Without the pictures, copy all of the data exactly.

- [Dataset excerpt]
+++++

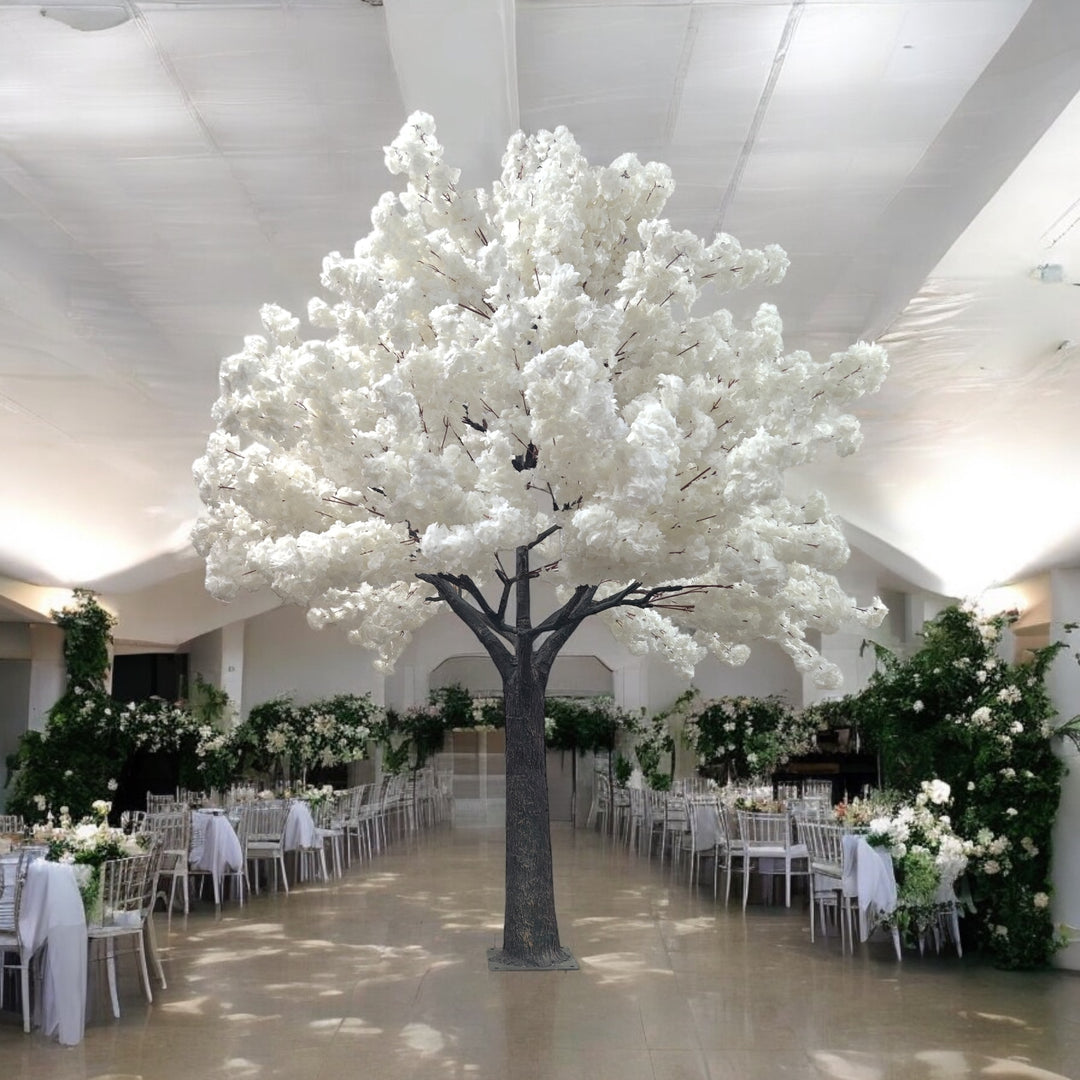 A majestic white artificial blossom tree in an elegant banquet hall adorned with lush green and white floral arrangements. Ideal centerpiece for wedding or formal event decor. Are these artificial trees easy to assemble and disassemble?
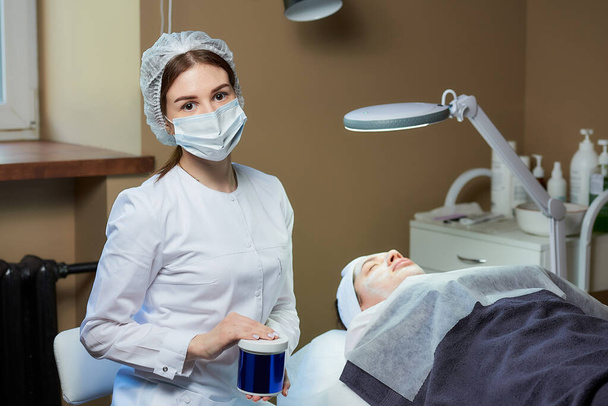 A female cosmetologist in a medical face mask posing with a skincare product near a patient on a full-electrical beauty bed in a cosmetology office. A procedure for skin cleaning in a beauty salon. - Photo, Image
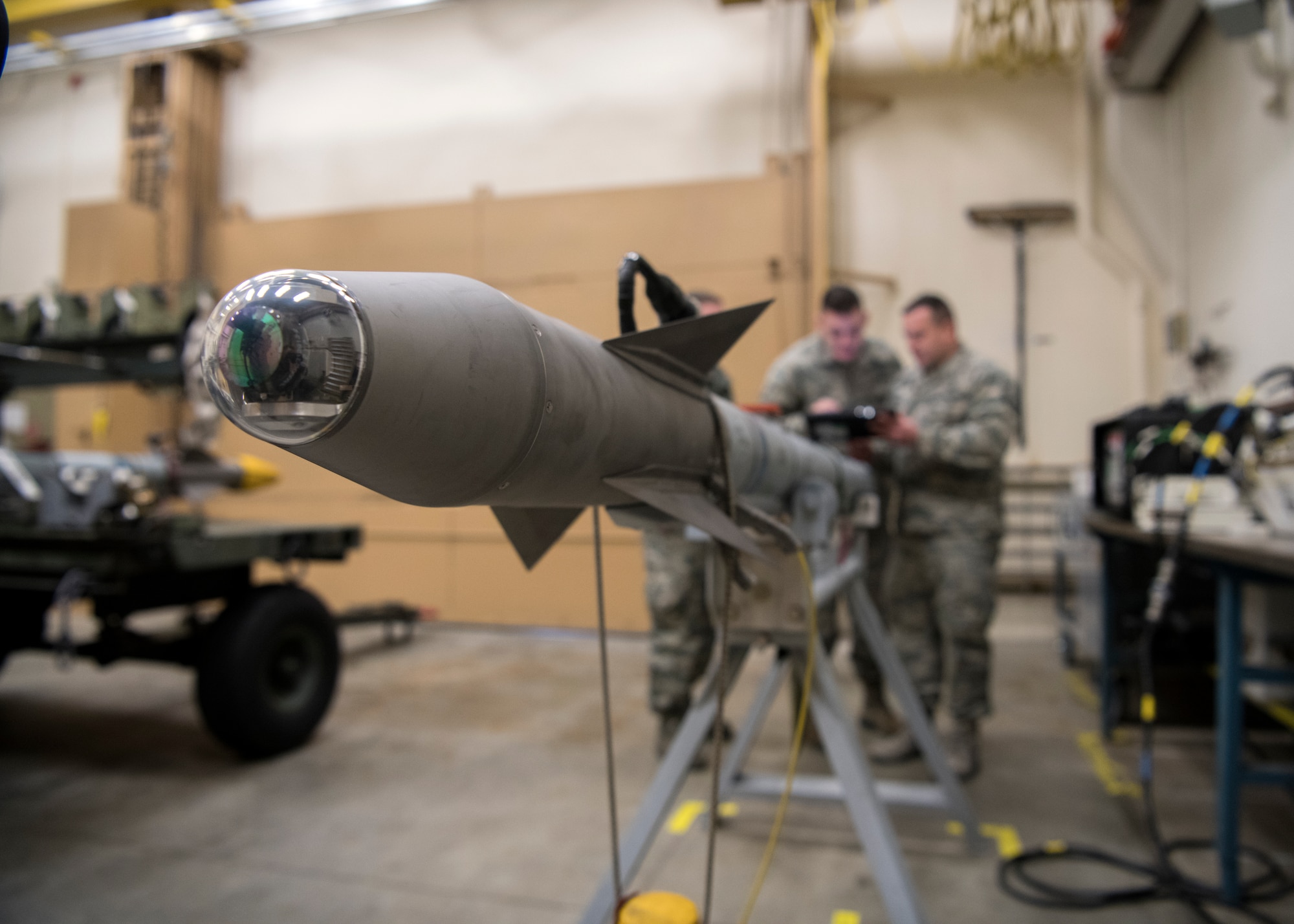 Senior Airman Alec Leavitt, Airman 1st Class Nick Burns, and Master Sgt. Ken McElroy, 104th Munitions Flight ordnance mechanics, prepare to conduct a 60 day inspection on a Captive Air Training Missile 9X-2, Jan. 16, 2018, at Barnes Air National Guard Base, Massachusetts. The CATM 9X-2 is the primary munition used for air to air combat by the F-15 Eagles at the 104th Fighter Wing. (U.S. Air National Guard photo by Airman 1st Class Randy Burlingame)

+++++

- [Result for this exercise]
 A majestic white artificial blossom tree in an elegant banquet hall adorned with lush green and white floral arrangements. Ideal centerpiece for wedding or formal event decor. Are these artificial trees easy to assemble and disassemble?
 A female cosmetologist in a medical face mask posing with a skincare product near a patient on a full-electrical beauty bed in a cosmetology office. A procedure for skin cleaning in a beauty salon. - Photo, Image
 Senior Airman Alec Leavitt, Airman 1st Class Nick Burns, and Master Sgt. Ken McElroy, 104th Munitions Flight ordnance mechanics, prepare to conduct a 60 day inspection on a Captive Air Training Missile 9X-2, Jan. 16, 2018, at Barnes Air National Guard Base, Massachusetts. The CATM 9X-2 is the primary munition used for air to air combat by the F-15 Eagles at the 104th Fighter Wing. (U.S. Air National Guard photo by Airman 1st Class Randy Burlingame)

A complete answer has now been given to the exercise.